-- Given data --
====================

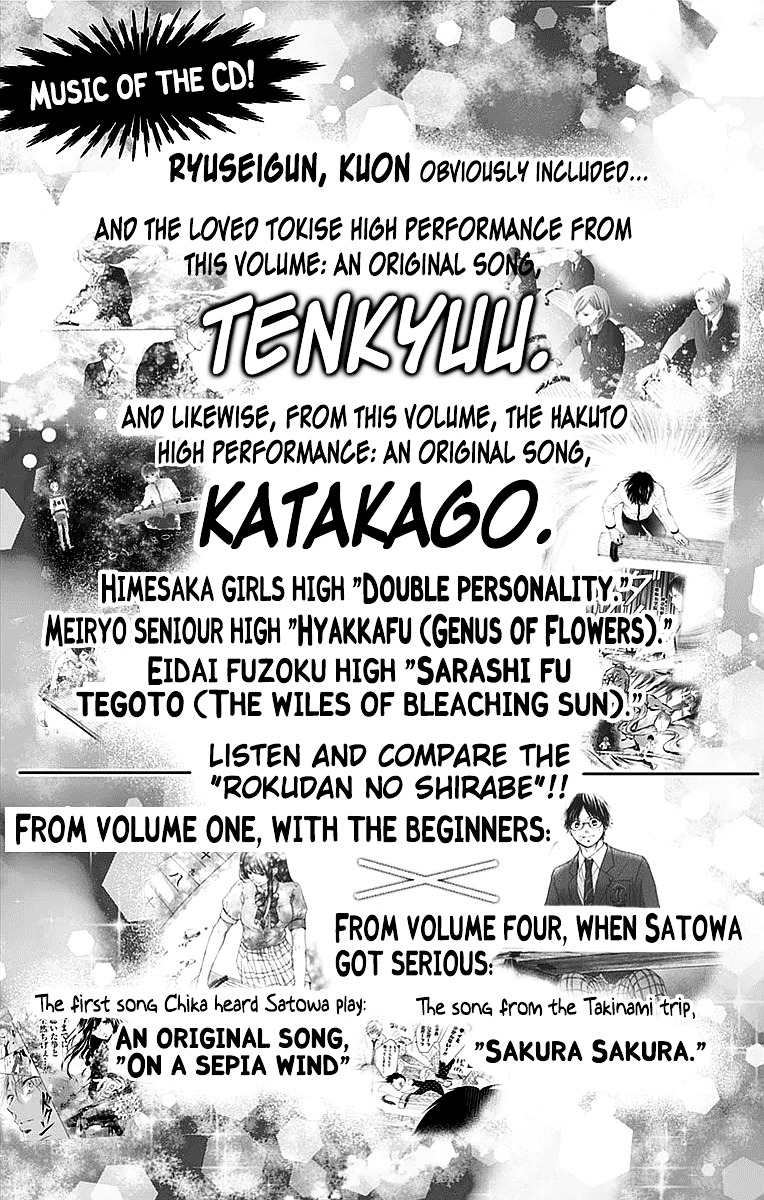 Read Kono Oto Tomare! Manga Online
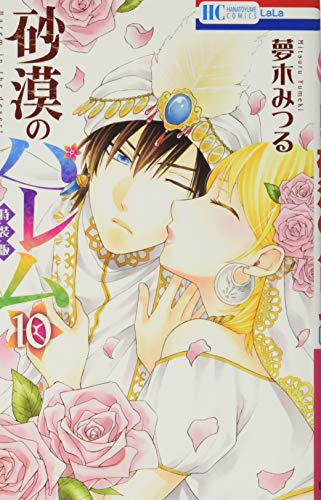 砂漠のハレム 小冊子付き特装版 10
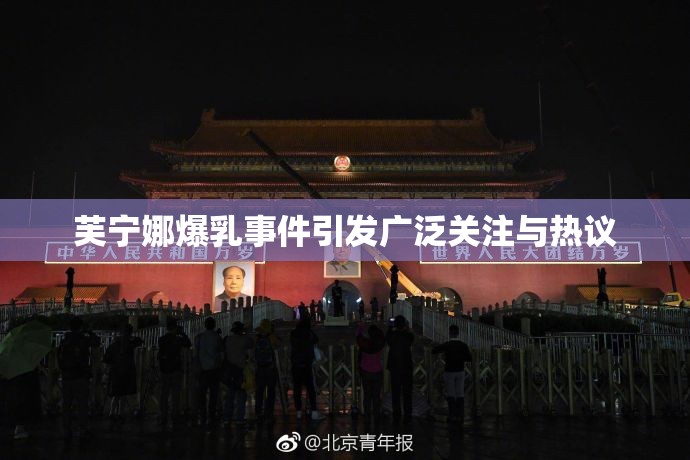 芙宁娜爆乳事件引发广泛关注与热议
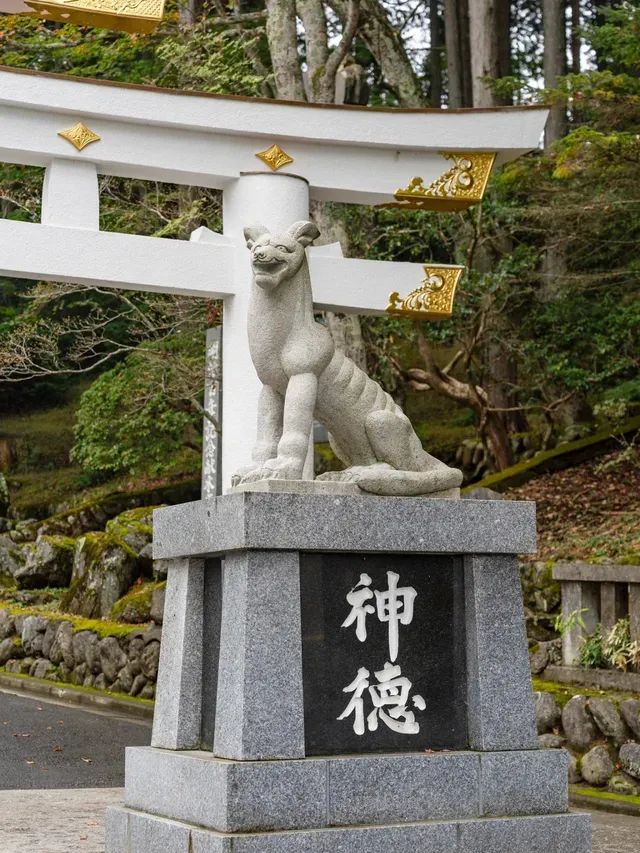 【埼玉県/秩父】一度は行きたい関東屈指のパワースポット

====================

The expected output is an exact copy of the lines from the one holding "砂漠のハレム 小冊子付き特装版 10" through the last line of the listing above, with the pictures omitted.

-- Solution for this exercise --
 砂漠のハレム 小冊子付き特装版 10
 芙宁娜爆乳事件引发广泛关注与热议
 【埼玉県/秩父】一度は行きたい関東屈指のパワースポット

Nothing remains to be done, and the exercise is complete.